## WHAT IS REQUIRED
Only one stretch of the data below is wanted: the lines starting at the one with "Почетоха паметта на" and ending at the one with "(WMNS) Skechers Go", both included, given again exactly.

## AVAILABLE DATA

━━━━━━━━━━━━━━━━━━━━

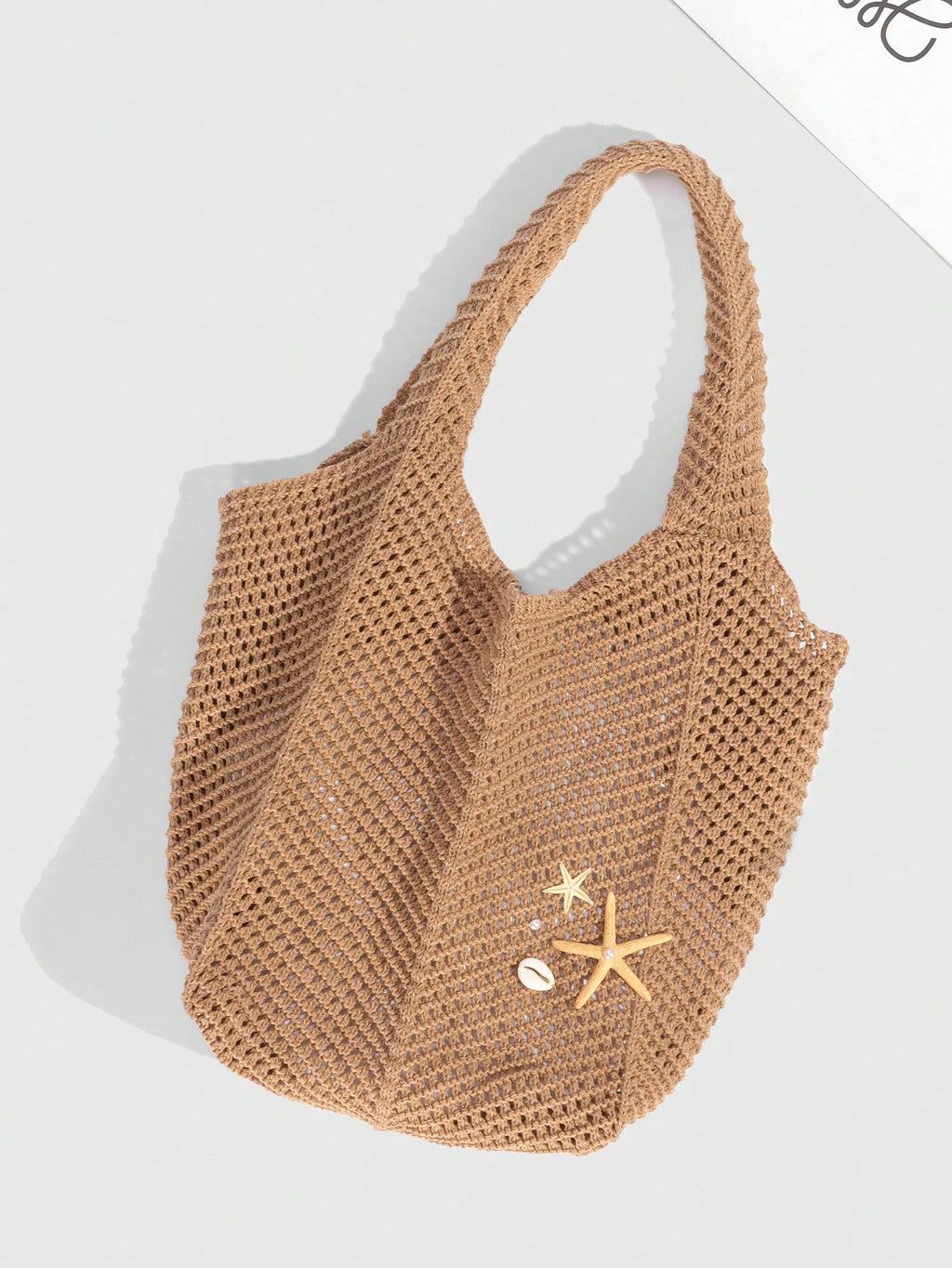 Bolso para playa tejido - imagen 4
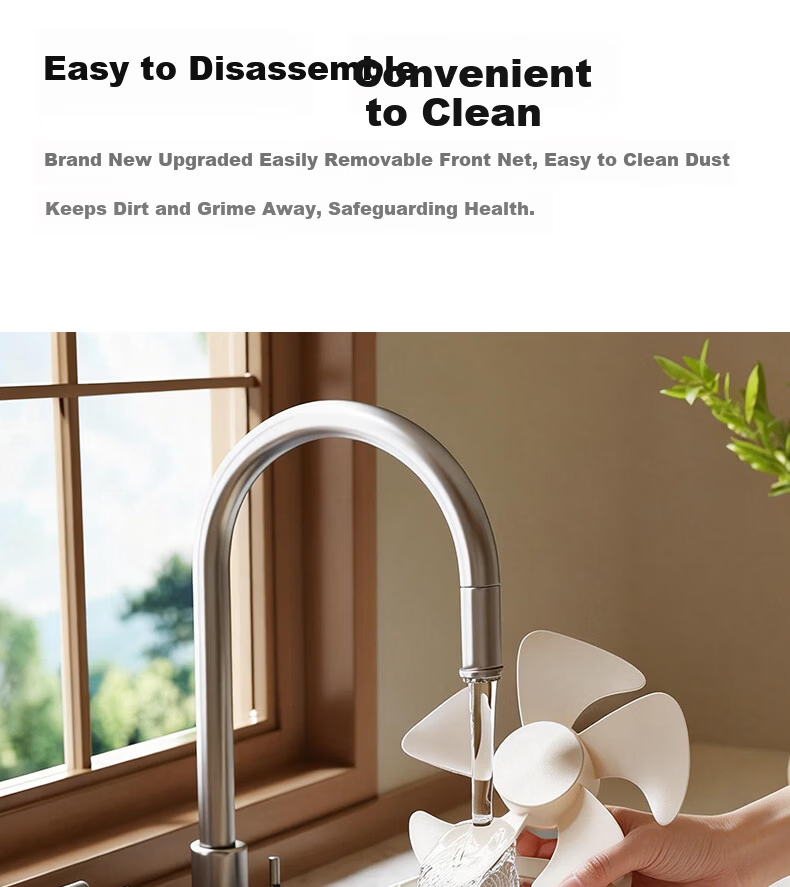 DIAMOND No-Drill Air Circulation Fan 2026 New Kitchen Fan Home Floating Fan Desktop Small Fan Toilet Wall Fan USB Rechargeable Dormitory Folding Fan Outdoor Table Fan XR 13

━━━━━━━━━━━━━━━━━━━━

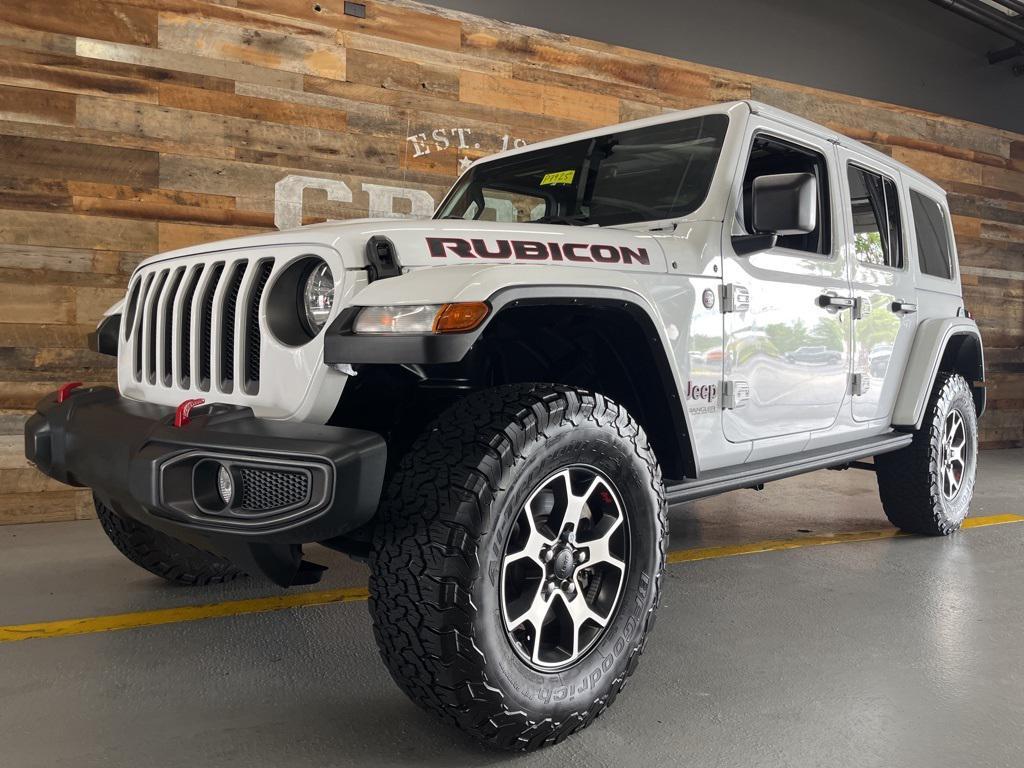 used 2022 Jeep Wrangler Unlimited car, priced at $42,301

━━━━━━━━━━━━━━━━━━━━

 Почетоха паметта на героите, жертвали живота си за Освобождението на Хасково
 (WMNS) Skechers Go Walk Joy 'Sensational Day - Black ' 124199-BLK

━━━━━━━━━━━━━━━━━━━━

## EXERCISE ANSWER
 Почетоха паметта на героите, жертвали живота си за Освобождението на Хасково
 (WMNS) Skechers Go Walk Joy 'Sensational Day - Black ' 124199-BLK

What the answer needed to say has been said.